Embriyoyu etkileyen tıbbi komplikasyonlarda, en sık prematürite, intrauterin ölüm ve trombofili vardır.

- Erken doğum veya erken doğum: doğum 37. haftadan önce yapılırsa erken doğum gerçekleşir, genellikle olgunlaşmamış veya kısmen gelişmiş hayati organların varlığına bağlı olarak önemli tıbbi etkiler sunar. Belirli bir düzeyde, vakaların% 70'ini etkileyen en yaygın tıbbi komplikasyonlardan biri olarak kabul edilir.

- Trombositopeni : Fetüs durumunda, vakaların yaklaşık% 15'inde anormal bir kan trombosit azalması da tespit edilebilir.

- İntrauterin ölüm : Bu durumda, Hellp sendromundan kaynaklanan tıbbi komplikasyonlar nedeniyle doğumdan önce fetüsün ölümü anlamına gelir. Teşhis edilen toplam vakaların yaklaşık% 7-34'ünde görülür.

Teşhis nasıl konulur?

Bu durumla uyumlu belirti ve semptomların tespitinden önce, durumunuzu doğrulamak için bazı laboratuvar testlerinin yapılması esastır (Moore, 2015):

- Kan testi : Kan dolaşımındaki trombosit ve kırmızı kan hücrelerinin konsantrasyonunu analiz etmek için küçük bir kan örneği alınır.

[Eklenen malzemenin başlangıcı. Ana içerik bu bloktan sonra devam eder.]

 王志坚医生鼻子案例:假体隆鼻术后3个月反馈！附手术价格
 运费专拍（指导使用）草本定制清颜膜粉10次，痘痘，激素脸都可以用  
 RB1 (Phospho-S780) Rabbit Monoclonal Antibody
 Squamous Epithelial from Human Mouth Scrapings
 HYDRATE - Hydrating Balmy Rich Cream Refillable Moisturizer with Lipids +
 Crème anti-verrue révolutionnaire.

- Ürinaliz : İdrar numunelerinin incelenmesi, vücutta bulunan enzimlerin ve karaciğer proteinlerinin seviyelerini değerlendirmek için esastır.

- Bilgisayarlı tomografi ( BT ): Bazı anatomik görselleştirme teknikleri, Hellp sendromunda hepatik kanama varlığı gibi farklı değişikliklerin tespitine izin verir.

tedavi

İlk anlardaki tıbbi müdahaleler esasen maternal yaşamsal belirtileri stabilize etmeye yöneliktir (Cararach Ramoneda ve Botet Mussons, 2008).

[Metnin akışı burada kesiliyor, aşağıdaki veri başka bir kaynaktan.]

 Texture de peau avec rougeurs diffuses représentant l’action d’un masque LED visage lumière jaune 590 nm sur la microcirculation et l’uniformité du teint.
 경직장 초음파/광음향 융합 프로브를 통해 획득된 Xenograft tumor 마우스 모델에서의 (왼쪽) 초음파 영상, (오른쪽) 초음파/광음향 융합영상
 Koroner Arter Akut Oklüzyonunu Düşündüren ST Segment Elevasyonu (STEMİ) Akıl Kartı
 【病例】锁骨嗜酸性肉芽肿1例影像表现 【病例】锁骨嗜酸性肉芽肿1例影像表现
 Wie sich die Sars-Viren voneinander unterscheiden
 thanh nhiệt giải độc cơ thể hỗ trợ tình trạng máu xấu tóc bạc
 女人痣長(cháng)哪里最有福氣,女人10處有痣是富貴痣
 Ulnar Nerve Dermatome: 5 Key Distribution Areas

- Antihipertansif ilaçlar.

- Anti-konvülsif tedavi, eklampsi ve nörolojik komplikasyonların gelişimini önlemek için.

- Fetal olgunlaşmayı uyarmak için kortikosteroidlerin uygulanması.

Bunun dışında, bu patolojinin gelişimini felç edebilen tek önlem gebeliğin kesilmesidir (Cararach Ramoneda ve Botet Mussons, 2008).

Bazı durumlarda, hamilelik, doğum uyarılırsa fetüsün hayatta kalma şansının yüksek olduğu ileri bir aşamadadır, ancak diğer zamanlarda bu mümkün değildir.

Bu durum ve ilaçların hamilelik sırasındaki yan etkileri gibi diğer faktörler nedeniyle Hellp'in tedavisi, hamilelik sırasında fetüslerin hayatta kalması ve fiziksel bütünlüğü ile ilgili kapsamlı etik tartışmalara maruz kalmaktadır.